Objective: Provide detailed rubrics for assessing AI product work.

D.1 AI Product Prototype Quality Rubric

Use this rubric to assess the quality of an AI product prototype.

Dimension	1 - Inadequate	2 - Developing	3 - Competent	4 - Exemplary
Problem Definition	Vague or unvalidated user need	Problem stated but not research-backed	Problem validated with evidence	Deep user insight with quantified impact
AI Integration	AI used as gimmick	AI added superficially	AI core to value proposition	AI essential and thoughtfully designed
Core Functionality	Does not run or core feature missing	Works partially with significant gaps	Core feature works reliably	Feature polished and robust
User Experience	No clear UX; confusing	Basic UX but friction exists	Clear, intuitive interaction	Delightful and accessible
Eval Coverage	No automated testing	Minimal test coverage	Core paths covered	Comprehensive with edge cases

AI product prototype quality rubric

D.2 Eval Pipeline Completeness Rubric

Component	1 - Missing	2 - Partial	3 - Complete	4 - Comprehensive
Test Dataset	No dataset	Under 50 examples	100+ diverse examples	500+ with expert verification
Automated Checks	None	Basic correctness only	Correctness + safety	Full quality dimensions
Baseline Metrics	No baseline	Single naive baseline	Multiple baselines	Industry benchmarks included
Regression Detection	No monitoring	Manual spot checks	Automated on PR	Continuous monitoring
Human Review Integration	None	Ad hoc reviews	Regular sampling	Systematic review program

Eval pipeline completeness rubric

D.3 RAG System Performance Rubric

Metric	1 - Poor	2 - Acceptable	3 - Good	4 - Excellent
Retrieval Precision	<60%	60-75%	75-90%	>90%
Retrieval Recall	<50%	50-70%	70-85%	>85%
Hallucination Rate	>20%	10-20%	5-10%	<5%
Context Relevance	<40%	40-60%	60-80%	>80%
Answer Faithfulness	<50%	50-70%	70-85%	>85%

RAG system performance rubric

D.4 UX Design for AI Products Rubric

Based on the PEEK framework (Predict, Explain, Execute, Keep in loop):

PEEK Element	1 - Missing	2 - Rudimentary	3 - Implemented	4 - Polished
Predict	No transparency about AI actions	Basic status indicators	Clear progress and confidence signals	Rich context and timing expectations
Explain	No explanation of AI reasoning	Minimal explanation provided	Clear reasoning when requested	Proactive, contextual explanations
Execute	User must do everything manually	AI does some work	AI handles routine tasks	Smart delegation with user control
Keep in Loop	AI acts without user awareness	Post-hoc notifications	Appropriate timing of updates	Seamless handoffs with context

PEEK UX design rubric for AI products

D.5 Team AI Readiness Assessment

Team AI Readiness Checklist

Technical Skills require that the team can prompt engineer effectively, understands AI limitations, can debug AI behavior, and is familiar with eval methodologies.
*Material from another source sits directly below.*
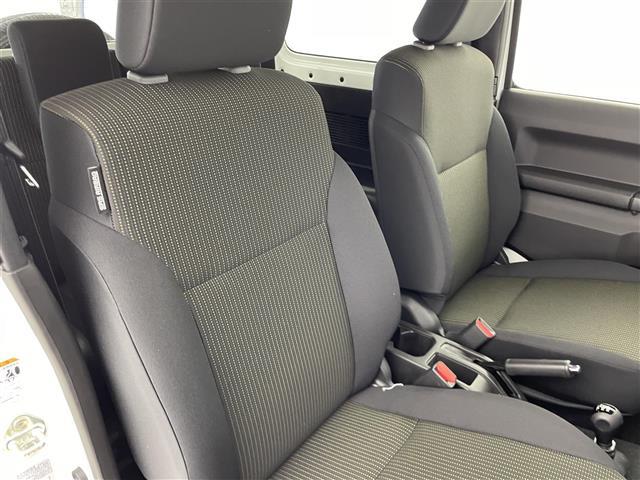 ジムニー ＸＣ　届出済未使用車　シートヒーター　デュアルセンサーブレーキサポート　ＬＥＤヘッドライト　純正１５インチアルミ　クルーズコントロール　コーナーセンサー　ヒルディセントコントロール　オートマチックハイビーム（32枚目）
Process Maturity requires that the team uses structured product discovery, has rapid prototyping capability, practices iterative development, and conducts regular retrospectives. Organizational readiness requires that leadership supports AI experimentation, cross-functional collaboration exists, user feedback loops are established, and risk tolerance is balanced appropriately.